"list assignment index out of range" in python
Done statement: List assignment is performed safely and any encountered errors are reported for future debugging.
We had a large number of nodes crash on MDC around the same time, with some variant of the following error:
Py3:
10.9.1.149 - - [27/Jan/2023 06:43:28] "GET /latency_history.txt HTTP/1.1" 200 49002
IndexError: list assignment index out of range
The above exception was the direct cause of the following exception:
Traceback (most recent call last):
File "/usr/spiir/lib/python3.8/site-packages/gstlal/pipeparts/sink.py", line 425, in new_sample_handler
return self.pull_buffers(elem)
File "/usr/spiir/lib/python3.8/site-packages/gstlal/pipeparts/sink.py", line 464, in pull_buffers
self.appsink_new_buffer(elem_with_oldest)

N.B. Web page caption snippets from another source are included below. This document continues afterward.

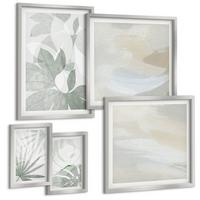 BILDER SET 5er Set - 50x50 cm & 20x30 cm & 40x60 cm Silberner Rahmen - Die Blätter der Pflanzen sind grünlich-grau. - Silberfarben, Kunststoff (40/60cm) - TULUP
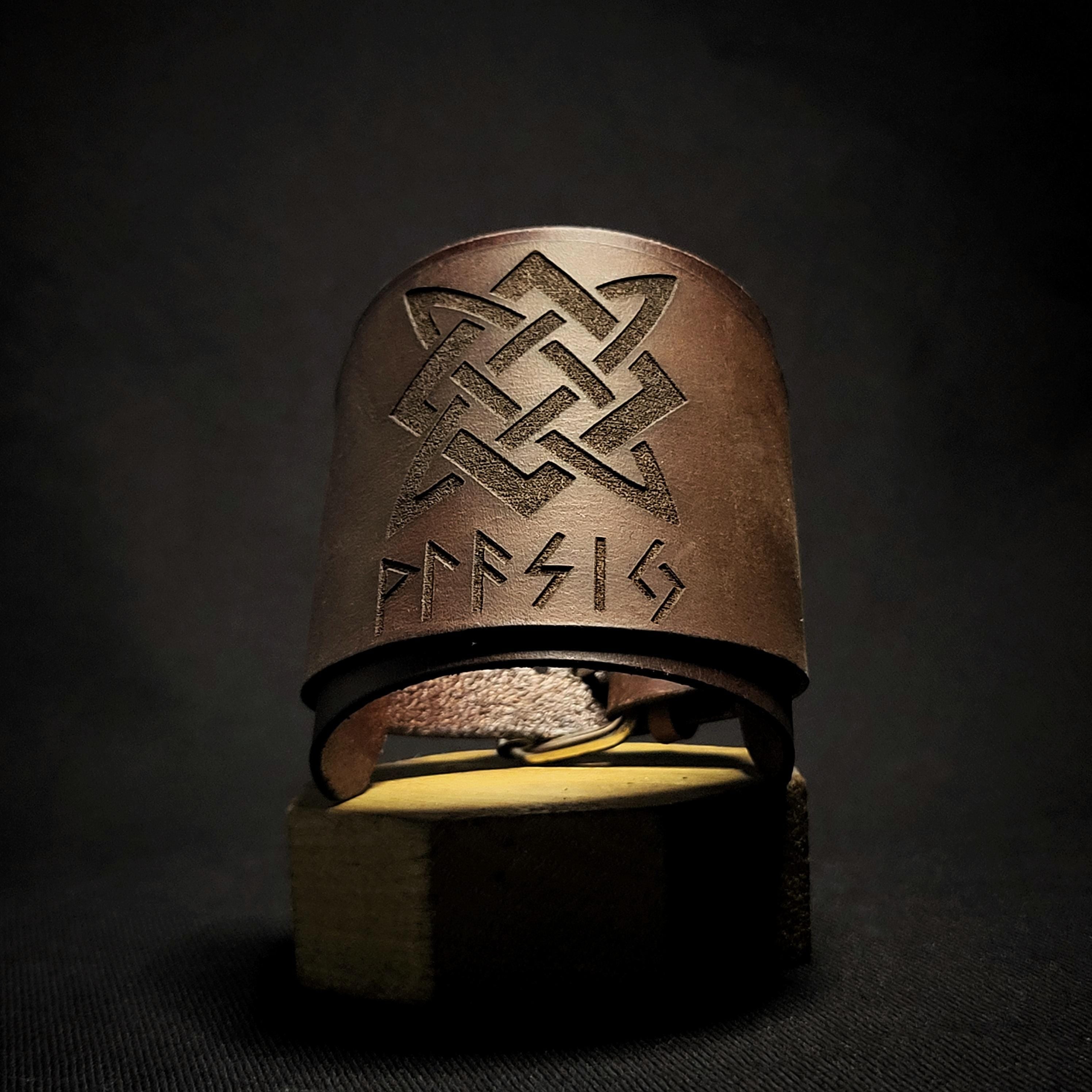 Viking Rune Bracelet - Custom Engraved Rune Leather Cuff – Viking Pagan Bracelet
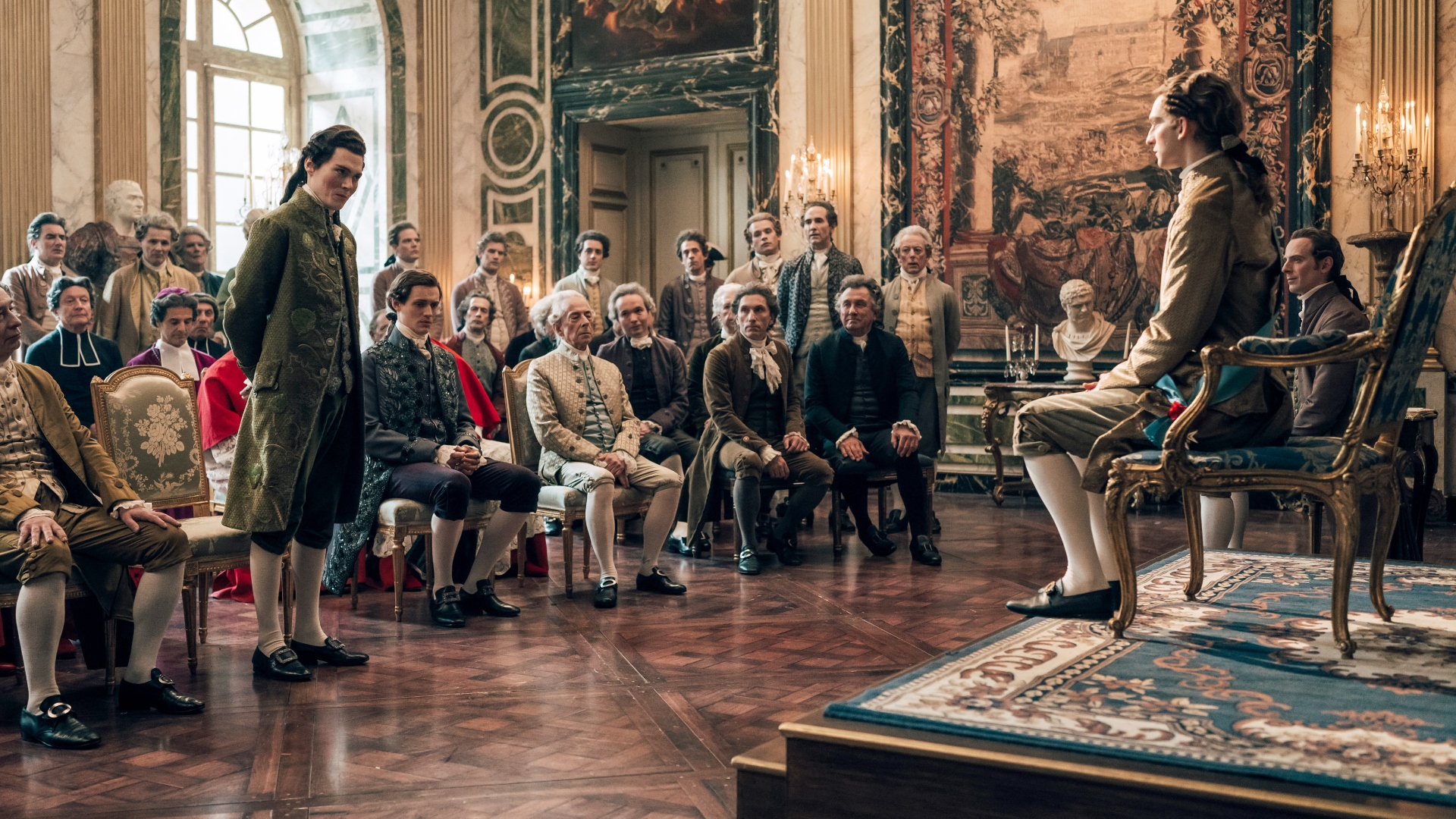 Louis and Provence talk in a meeting in Marie Antoinette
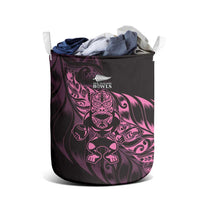 New Zealand Lawn Bowls Laundry Basket Pink Maori Warrior Tribal Silver Fern LT9 - Polynesian Pride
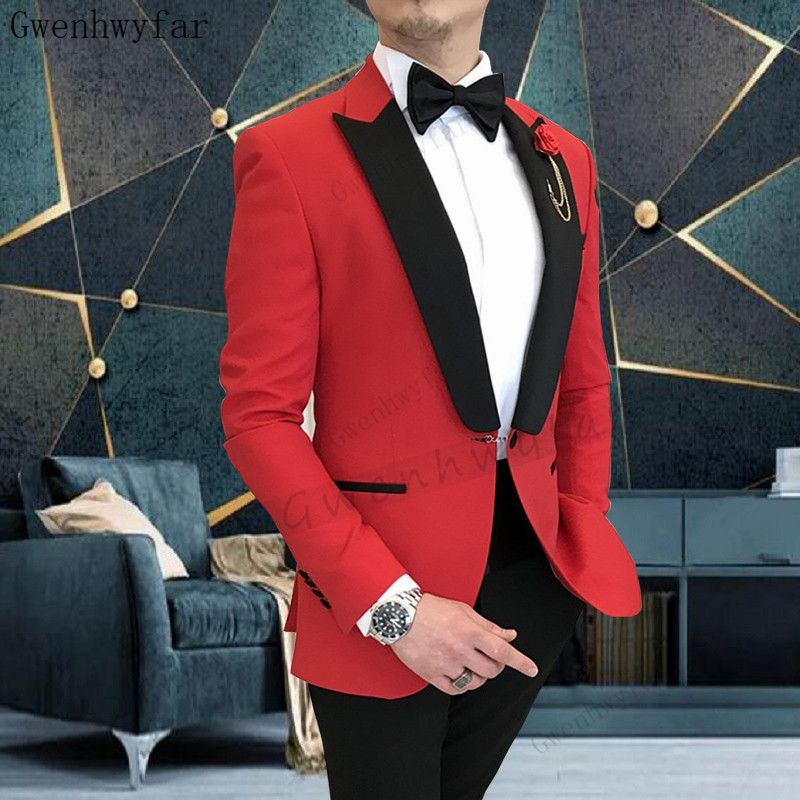 Bridalaffair Elegant Men Chinese Red Suits Peaked Lapel Custom Made ...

File "/usr/spiir/lib/python3.8/site-packages/gstlal_spiir/pipemodules/postcoh_finalsink.py", line 642, in appsink_new_buffer
newevents = postcohtable.from_buffer(mapinfo.data.tobytes())
SystemError: <built-in function from_buffer> returned a result with an error set
Py2:
Traceback (most recent call last):
50500 File "/usr/spiir/lib/python2.7/site-packages/gstlal/pipeparts/__init__.py", line 813, in appsink_handler
50501 self.appsink_new_buffer(elem_with_oldest)
50502 File "/usr/spiir/lib/python2.7/site-packages/gstlal/pipemodules/postcoh_finalsink.py", line 606, in appsink_new_buffer
50503 newevents[0].postcoh_inspiral.ifos)
50504 File "/usr/spiir/lib/python2.7/site-packages/gstlal/pipemodules/postcohtable/postcohtable.py", line 71, in __getattribute__
50505 for ifo_id, ifo in enumerate(pipe_macro.IFO_MAP):
50506 IndexError: list assignment index out of range
Although the py2 version gives a specific line, it has nothing to do with list assignment (though a following line does), and it's an extremely frequently used line. So our best guess is that there's something asynchronous going on. Postcohtable is producing an error, as in py3, and py2 is reporting the wrong stack trace.
The only place we do list assignment in _postcohtable.c
is on the list of postcohtriggers, and each trigger's list of snr_series. snr_series is a likely culprit, since it sets its length based on the ifos
string, but sets each element based on which snr series are not null.
Even if we can't track down the exact error, we should make sure all list assignment is safe, and if something unexpected happens, that we record a meaningful error.